L’implantation du rugby se développe ensuite le long de la Garonne, pour déborder des frontières du Sud-Ouest à la veille de la Première Guerre mondiale. « En 1913, la finale est gagnée par Perpignan. On a dépassé le sud-ouest et la sociologie de départ. Le rugby plaît à des classes plus populaires et dans des plus petites bourgades comme Agen. »

Les curés VS les instits

Comment expliquer que le rugby ait essaimé dans le sud, et soit devenu un sport secondaire dans le nord-ouest de la France ? Une des explications résiderait dans la question religieuse ou politique. « Jean-Pierre Augustin [un géographe] a montré, à l’échelle du département des Landes, que les villages de gauche, laïcards, ont plutôt opté pour le rugby, tandis que dans les villages plus catholiques, c’était plutôt le foot et le basket », rappelle Xavier Lacarce. « Si on l’extrapole à la France, on peut considérer que c’est la France qui a été la plus tôt déchristianisée qui a adopté le rugby. »

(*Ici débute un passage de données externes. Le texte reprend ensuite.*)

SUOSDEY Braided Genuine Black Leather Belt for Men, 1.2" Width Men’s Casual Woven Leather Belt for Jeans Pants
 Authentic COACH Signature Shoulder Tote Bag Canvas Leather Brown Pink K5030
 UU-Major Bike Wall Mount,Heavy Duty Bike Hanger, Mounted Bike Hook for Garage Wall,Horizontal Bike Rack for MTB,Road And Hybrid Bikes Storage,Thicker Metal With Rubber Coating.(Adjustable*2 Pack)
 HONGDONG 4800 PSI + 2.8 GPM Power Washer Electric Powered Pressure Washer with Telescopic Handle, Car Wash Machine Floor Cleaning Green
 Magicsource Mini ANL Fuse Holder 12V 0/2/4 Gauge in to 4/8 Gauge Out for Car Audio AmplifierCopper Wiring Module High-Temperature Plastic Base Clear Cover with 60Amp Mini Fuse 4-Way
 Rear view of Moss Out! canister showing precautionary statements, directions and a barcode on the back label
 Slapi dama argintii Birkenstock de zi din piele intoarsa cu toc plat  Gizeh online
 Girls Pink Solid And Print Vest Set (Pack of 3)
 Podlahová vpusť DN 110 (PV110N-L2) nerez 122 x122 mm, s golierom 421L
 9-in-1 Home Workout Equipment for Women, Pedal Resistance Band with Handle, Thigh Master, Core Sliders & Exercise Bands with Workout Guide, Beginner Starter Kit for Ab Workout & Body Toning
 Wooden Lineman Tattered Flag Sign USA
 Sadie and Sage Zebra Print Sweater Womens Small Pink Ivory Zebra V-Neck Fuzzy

Malgré les efforts de la fédération française de rugby d’enlever à la balle ovale son accent du sud, il est incroyablement difficile, cent ans plus tard, de faire bouger cette ligne de démarcation. A moins que des petits poucets venus de Vannes ou du Havre ne réussissent à faire vibrer leur région respective en soulevant à leur tour le bouclier de Brennus, un jour.